Question

In the given pair identify most acidic compound in (A) and (B). Most basic in (C) and (D).

• A. A-I, B-II, C - I, D - II
• B. A - II, B - I, C - I, D - II
• C. A-II, B-II, C - II, D - II
• D. A-1, B-II, C-I, D-I

Answer 1

Answer: (B)

A - II, B - I, C - I, D - II

Answer 2

To determine the most acidic compound in pairs (A) and (B), we analyze the effects of substituents on the stability of the carboxylate anion. For basicity in pairs (C) and (D), we examine the availability of the lone pair on the nitrogen atom.

Acidity:

• Pair (A): Benzoic acid (I) vs. o-toluic acid (II)

  • Benzoic acid (I) has a -COOH group attached to a benzene ring.
  • o-Toluic acid (II) has a -COOH group and a -CH₃ group at the ortho position on the benzene ring.
  • The methyl group (-CH₃) is electron-donating (+I effect), which destabilizes the carboxylate anion, thus decreasing acidity.
  • However, at the ortho position, steric hindrance from the methyl group causes the -COOH group to twist out of the plane of the benzene ring. This reduces the resonance stabilization of the carboxylate anion. While reduced resonance normally decreases acidity, the net effect of the ortho-methyl group in o-toluic acid leads to increased acidity compared to benzoic acid. (pKa of benzoic acid = 4.20, pKa of o-toluic acid = 3.91).
  • Therefore, o-toluic acid (A-II) is more acidic.

• Pair (B): Cyclohexanecarboxylic acid (I) vs. 2-methylcyclohexanecarboxylic acid (II)

  • Cyclohexanecarboxylic acid (I) is an aliphatic carboxylic acid.
  • 2-methylcyclohexanecarboxylic acid (II) has a methyl group at the alpha-carbon.
  • The methyl group is electron-donating (+I effect). This increases electron density, destabilizing the carboxylate anion and decreasing acidity.
  • Therefore, cyclohexanecarboxylic acid (B-I) is more acidic.

Basicity:

• Pair (C): Aniline (I) vs. o-toluidine (II)
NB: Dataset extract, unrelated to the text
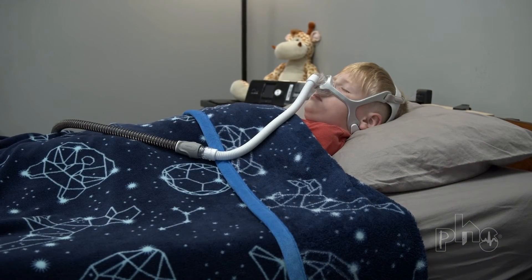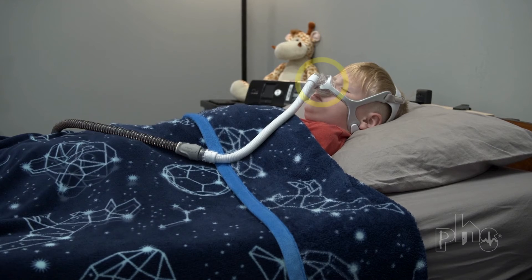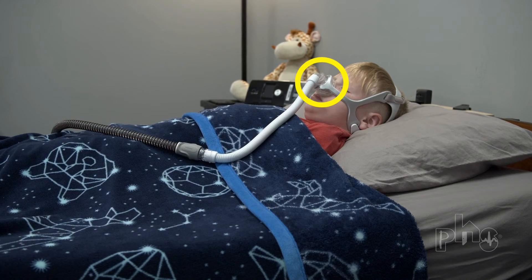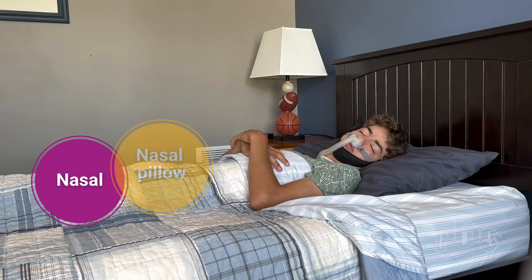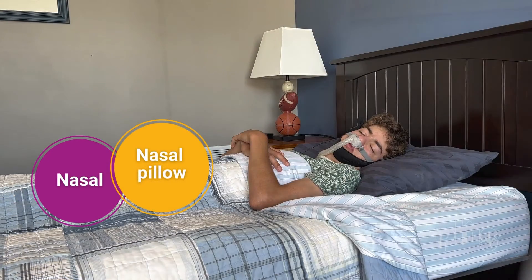Air from the tubing enters the patient's airway and lungs through a mask. Masks usually have headgear to hold them in place and come in three main styles: nasal, nasal pillow, and full face.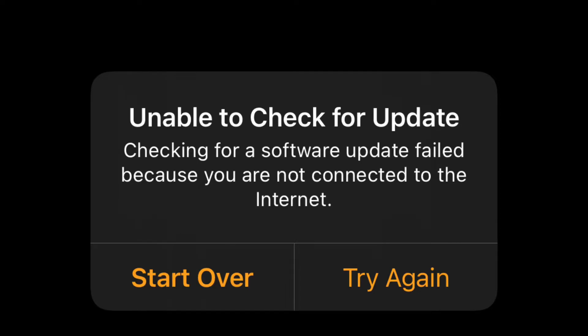Hi there, this is Sampat Ram. In this video I'll be showing you the problem that I had faced, as well as the solution for pairing an iPhone with the Apple Watch for the first time. As you can see on the screen, this is the error that you may encounter, saying 'Unable to check for update' — that you may not be connected to the internet. So let's get started.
  • Aniline (I) is a primary aromatic amine.
  • o-Toluidine (II) is aniline substituted with a methyl group at the ortho position.
  • The methyl group is electron-donating (+I effect), which increases electron density on the nitrogen atom, making it more basic.
  • However, the ortho methyl group in o-toluidine causes steric hindrance. This hindrance can impede the approach of a proton to the nitrogen atom or affect the solvation of the resulting protonated amine (conjugate acid), thereby decreasing basicity. The net effect is that o-toluidine is less basic than aniline. (pKb of aniline = 9.4, pKb of o-toluidine = 10.9).
  • Therefore, aniline (C-I) is more basic.
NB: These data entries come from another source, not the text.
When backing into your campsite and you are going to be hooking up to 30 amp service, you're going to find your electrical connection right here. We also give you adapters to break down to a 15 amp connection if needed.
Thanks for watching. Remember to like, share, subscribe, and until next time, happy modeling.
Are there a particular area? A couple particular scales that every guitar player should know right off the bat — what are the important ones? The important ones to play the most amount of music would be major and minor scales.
• Pair (D): Cyclohexylamine (I) vs. 2-methylcyclohexylamine (II)

  • Cyclohexylamine (I) is a primary aliphatic amine.
  • 2-methylcyclohexylamine (II) has a methyl group attached to the ring adjacent to the carbon bearing the amino group.
  • The methyl group is electron-donating (+I effect). This increases electron density on the nitrogen atom, making its lone pair more available for protonation and thus increasing basicity. There is no significant steric hindrance affecting basicity in this case.
  • Therefore, 2-methylcyclohexylamine (D-II) is more basic.

Combining these results: Most acidic in (A) is (II). Most acidic in (B) is (I). Most basic in (C) is (I). Most basic in (D) is (II).

This corresponds to A-II, B-I, C-I, D-II.